### [Problem statement]
Your result will be the set of lines with "großen", copied from the material below.

### [Dataset]
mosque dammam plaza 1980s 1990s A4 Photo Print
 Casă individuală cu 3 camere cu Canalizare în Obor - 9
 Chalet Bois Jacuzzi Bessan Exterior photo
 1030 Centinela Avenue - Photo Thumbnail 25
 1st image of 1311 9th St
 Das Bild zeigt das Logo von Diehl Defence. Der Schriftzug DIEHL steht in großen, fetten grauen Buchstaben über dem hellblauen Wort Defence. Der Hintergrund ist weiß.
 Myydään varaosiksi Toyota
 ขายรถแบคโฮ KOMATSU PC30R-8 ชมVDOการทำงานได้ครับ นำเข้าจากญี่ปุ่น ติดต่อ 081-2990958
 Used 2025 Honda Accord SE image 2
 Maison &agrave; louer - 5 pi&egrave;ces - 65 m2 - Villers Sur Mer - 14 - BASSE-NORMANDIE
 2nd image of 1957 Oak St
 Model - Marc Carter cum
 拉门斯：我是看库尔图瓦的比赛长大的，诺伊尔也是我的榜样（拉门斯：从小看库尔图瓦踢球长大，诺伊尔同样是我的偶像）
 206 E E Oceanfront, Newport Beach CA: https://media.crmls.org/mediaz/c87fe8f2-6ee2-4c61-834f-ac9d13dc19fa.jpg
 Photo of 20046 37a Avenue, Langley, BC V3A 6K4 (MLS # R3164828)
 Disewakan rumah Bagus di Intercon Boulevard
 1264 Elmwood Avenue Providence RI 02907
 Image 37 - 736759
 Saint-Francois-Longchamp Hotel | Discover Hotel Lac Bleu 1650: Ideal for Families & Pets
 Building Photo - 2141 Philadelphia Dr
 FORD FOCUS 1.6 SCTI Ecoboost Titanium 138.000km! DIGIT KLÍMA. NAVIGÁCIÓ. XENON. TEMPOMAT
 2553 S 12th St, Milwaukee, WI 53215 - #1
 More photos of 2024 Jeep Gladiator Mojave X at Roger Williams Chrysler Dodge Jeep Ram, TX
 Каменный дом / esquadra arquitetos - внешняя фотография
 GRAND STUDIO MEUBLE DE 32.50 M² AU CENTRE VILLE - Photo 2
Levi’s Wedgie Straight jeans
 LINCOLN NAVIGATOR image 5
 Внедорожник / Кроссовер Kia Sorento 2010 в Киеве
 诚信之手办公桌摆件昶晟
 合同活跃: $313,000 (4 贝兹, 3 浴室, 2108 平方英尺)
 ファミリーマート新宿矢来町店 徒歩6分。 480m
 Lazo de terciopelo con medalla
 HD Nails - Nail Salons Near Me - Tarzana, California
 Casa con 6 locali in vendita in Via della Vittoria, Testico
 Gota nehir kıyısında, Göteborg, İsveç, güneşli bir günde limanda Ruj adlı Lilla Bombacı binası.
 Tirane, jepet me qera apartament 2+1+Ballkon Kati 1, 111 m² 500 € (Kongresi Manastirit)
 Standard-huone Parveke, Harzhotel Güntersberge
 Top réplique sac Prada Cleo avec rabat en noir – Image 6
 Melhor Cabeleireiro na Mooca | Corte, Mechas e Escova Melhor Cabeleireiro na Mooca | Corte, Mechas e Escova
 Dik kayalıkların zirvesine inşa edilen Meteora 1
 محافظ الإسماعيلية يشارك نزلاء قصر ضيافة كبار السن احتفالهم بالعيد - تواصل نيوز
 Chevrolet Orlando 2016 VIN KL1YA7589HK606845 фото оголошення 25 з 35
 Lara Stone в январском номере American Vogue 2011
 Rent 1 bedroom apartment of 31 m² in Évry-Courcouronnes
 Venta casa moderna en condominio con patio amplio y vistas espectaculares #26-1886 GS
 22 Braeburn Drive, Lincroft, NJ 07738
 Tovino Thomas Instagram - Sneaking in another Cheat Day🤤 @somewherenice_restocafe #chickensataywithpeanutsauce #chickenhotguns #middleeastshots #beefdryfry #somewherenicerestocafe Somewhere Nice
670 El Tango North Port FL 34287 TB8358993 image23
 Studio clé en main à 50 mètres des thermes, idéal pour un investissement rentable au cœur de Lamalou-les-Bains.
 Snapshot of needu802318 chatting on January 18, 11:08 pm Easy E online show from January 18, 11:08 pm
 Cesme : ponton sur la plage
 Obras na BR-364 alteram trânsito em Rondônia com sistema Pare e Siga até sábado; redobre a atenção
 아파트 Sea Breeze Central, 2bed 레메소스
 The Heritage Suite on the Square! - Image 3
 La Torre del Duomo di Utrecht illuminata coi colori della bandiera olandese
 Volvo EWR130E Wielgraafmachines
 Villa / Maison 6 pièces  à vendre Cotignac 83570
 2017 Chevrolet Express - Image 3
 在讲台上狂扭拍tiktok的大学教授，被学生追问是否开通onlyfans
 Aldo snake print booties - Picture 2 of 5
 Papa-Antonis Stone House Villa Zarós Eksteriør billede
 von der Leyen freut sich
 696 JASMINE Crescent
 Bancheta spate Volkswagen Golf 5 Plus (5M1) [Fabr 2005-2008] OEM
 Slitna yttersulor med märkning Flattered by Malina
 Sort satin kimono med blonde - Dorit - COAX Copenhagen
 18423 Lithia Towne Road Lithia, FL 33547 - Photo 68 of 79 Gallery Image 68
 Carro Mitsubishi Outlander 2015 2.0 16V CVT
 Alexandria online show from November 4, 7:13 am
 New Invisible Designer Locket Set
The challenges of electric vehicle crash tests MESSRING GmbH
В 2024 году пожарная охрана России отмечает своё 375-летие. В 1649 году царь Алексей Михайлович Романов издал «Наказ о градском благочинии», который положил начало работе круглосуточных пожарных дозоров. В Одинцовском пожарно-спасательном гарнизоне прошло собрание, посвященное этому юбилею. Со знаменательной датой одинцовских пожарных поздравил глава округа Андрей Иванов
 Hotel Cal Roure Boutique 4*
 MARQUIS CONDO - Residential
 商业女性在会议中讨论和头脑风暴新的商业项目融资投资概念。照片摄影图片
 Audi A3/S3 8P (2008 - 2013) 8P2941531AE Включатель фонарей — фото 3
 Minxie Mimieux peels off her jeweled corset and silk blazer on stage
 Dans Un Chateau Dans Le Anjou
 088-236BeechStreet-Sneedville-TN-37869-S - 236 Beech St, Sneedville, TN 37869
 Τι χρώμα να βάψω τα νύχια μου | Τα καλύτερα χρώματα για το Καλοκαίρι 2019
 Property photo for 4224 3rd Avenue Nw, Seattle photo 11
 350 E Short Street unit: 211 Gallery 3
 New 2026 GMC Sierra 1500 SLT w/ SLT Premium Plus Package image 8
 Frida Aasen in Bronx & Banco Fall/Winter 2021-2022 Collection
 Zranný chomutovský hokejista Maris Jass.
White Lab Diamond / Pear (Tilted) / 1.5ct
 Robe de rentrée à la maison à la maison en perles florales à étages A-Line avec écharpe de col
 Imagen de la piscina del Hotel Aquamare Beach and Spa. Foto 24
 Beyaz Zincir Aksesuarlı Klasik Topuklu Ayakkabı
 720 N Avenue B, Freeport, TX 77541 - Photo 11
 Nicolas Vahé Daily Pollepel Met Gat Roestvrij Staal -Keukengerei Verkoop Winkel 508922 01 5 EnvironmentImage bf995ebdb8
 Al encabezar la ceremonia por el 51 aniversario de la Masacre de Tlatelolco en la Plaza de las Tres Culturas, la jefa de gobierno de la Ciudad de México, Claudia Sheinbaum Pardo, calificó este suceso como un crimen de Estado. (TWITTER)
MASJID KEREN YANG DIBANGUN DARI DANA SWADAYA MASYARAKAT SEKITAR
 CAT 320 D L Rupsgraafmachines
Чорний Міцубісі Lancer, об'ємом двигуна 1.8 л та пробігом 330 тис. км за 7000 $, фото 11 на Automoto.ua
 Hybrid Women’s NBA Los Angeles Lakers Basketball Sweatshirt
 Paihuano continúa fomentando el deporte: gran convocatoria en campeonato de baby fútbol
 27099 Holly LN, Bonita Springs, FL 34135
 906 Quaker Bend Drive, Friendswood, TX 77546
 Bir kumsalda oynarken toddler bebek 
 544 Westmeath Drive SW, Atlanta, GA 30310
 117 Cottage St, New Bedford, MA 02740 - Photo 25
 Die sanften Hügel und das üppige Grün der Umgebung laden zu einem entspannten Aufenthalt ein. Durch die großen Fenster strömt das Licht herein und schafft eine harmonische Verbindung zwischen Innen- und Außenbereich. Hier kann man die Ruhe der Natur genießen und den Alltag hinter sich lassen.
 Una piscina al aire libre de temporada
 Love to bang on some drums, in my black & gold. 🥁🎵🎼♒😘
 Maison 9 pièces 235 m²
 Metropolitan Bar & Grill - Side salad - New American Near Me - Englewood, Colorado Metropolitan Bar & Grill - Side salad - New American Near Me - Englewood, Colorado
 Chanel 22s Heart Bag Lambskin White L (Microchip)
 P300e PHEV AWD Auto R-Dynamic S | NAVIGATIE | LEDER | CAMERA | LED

### [Task result]
 Das Bild zeigt das Logo von Diehl Defence. Der Schriftzug DIEHL steht in großen, fetten grauen Buchstaben über dem hellblauen Wort Defence. Der Hintergrund ist weiß.
 Die sanften Hügel und das üppige Grün der Umgebung laden zu einem entspannten Aufenthalt ein. Durch die großen Fenster strömt das Licht herein und schafft eine harmonische Verbindung zwischen Innen- und Außenbereich. Hier kann man die Ruhe der Natur genießen und den Alltag hinter sich lassen.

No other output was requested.